Help with regex HTML form validation Part 2
-
Don't forget the characters that include diacritical marks. E.g., ö Å ç
A positive attitude may not solve every problem, but it will annoy enough people to be worth the effort.
Is there a way to check for that without having to list every Unicode character? I didn't see any accented names in our database but that certainly doesn't mean it can't happen in the future. I'd prefer to not include all Unicode characters. Just the ones with a high likelihood of showing up. I imagine that it could only be characters that would be accepted by Active Directory.
-
Is there a way to check for that without having to list every Unicode character? I didn't see any accented names in our database but that certainly doesn't mean it can't happen in the future. I'd prefer to not include all Unicode characters. Just the ones with a high likelihood of showing up. I imagine that it could only be characters that would be accepted by Active Directory.
At least with the .NET Regex http://msdn.microsoft.com/en-us/library/20bw873z(v=vs.110).aspx#CategoryOrBlock[^] (I don't know about others) you can specify the Unicode character category (for "Letter") so your regex would be:
^[\p{Ll}\p{Lu}\p{Lt}\p{Lo}\p{Lm}\-\s']+$
possibly even just
^[\p{L}\-\s']+$
A positive attitude may not solve every problem, but it will annoy enough people to be worth the effort.
-
At least with the .NET Regex http://msdn.microsoft.com/en-us/library/20bw873z(v=vs.110).aspx#CategoryOrBlock[^] (I don't know about others) you can specify the Unicode character category (for "Letter") so your regex would be:
^[\p{Ll}\p{Lu}\p{Lt}\p{Lo}\p{Lm}\-\s']+$
possibly even just
^[\p{L}\-\s']+$
A positive attitude may not solve every problem, but it will annoy enough people to be worth the effort.
-
After looking at that link, a person could go crazy trying to catch every possibility. Looks like regex can be very thorough! Thanks for the help!

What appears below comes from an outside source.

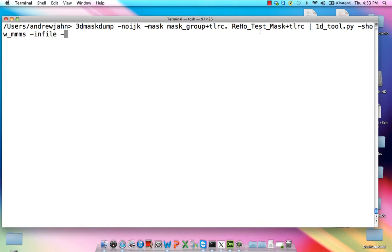You could use a more specific mask, like a gray matter mask, if you're only interested in voxels within the gray matter. That's a perfectly valid approach, but for right now, I'm just going to focus on the whole brain.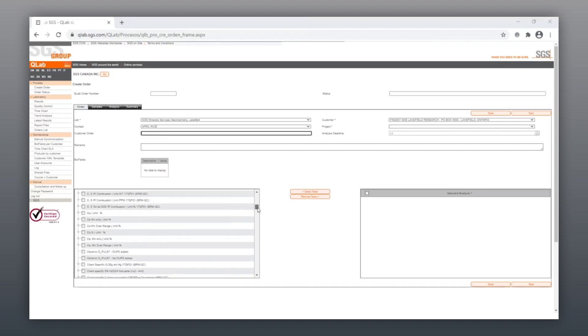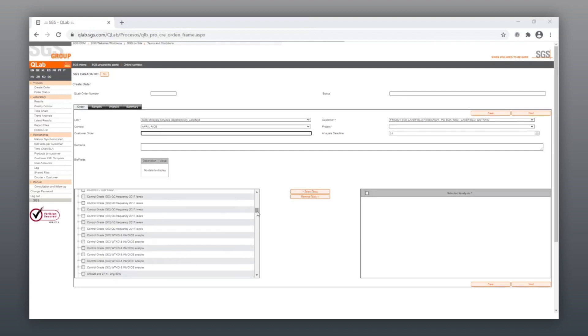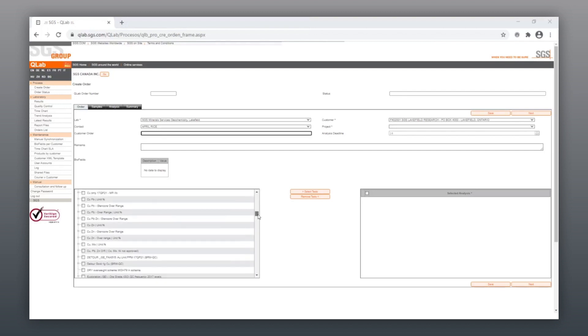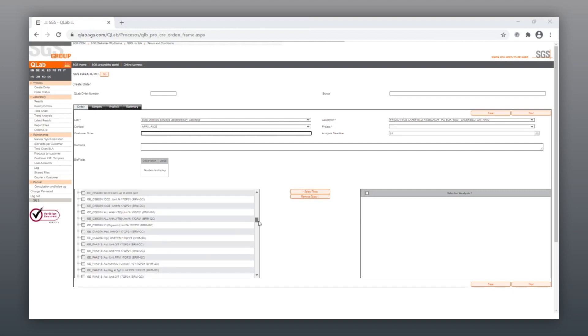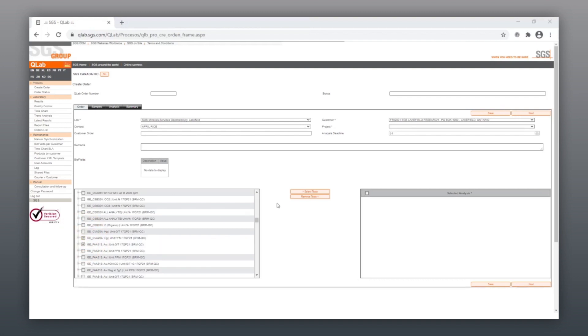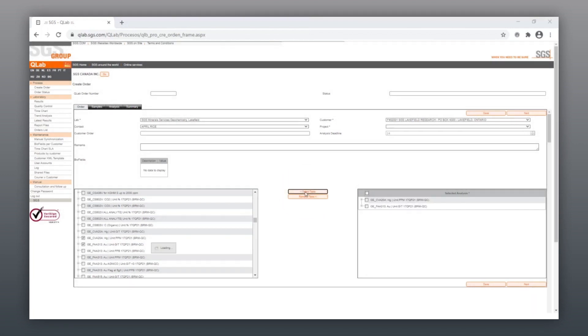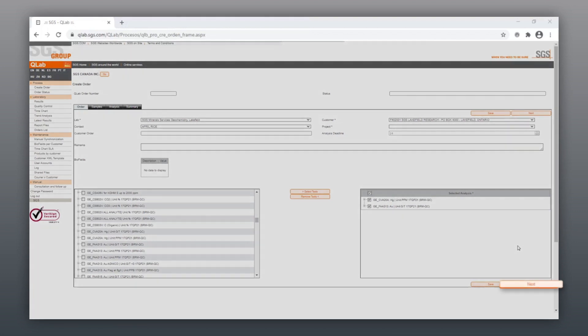Choose your desired methods from the All Analysis table. To select a method, click on the checkbox beside your desired method analysis and then hit Select Tests to move your desired analysis over to the Select Analysis section. Once you've selected all your analysis, click Next.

Yes!! There's a reason the "Mastering Regular Expressions" book[^] is 496 pages!!! :omg:
A positive attitude may not solve every problem, but it will annoy enough people to be worth the effort.
-
At least with the .NET Regex http://msdn.microsoft.com/en-us/library/20bw873z(v=vs.110).aspx#CategoryOrBlock[^] (I don't know about others) you can specify the Unicode character category (for "Letter") so your regex would be:
^[\p{Ll}\p{Lu}\p{Lt}\p{Lo}\p{Lm}\-\s']+$
possibly even just
^[\p{L}\-\s']+$
A positive attitude may not solve every problem, but it will annoy enough people to be worth the effort.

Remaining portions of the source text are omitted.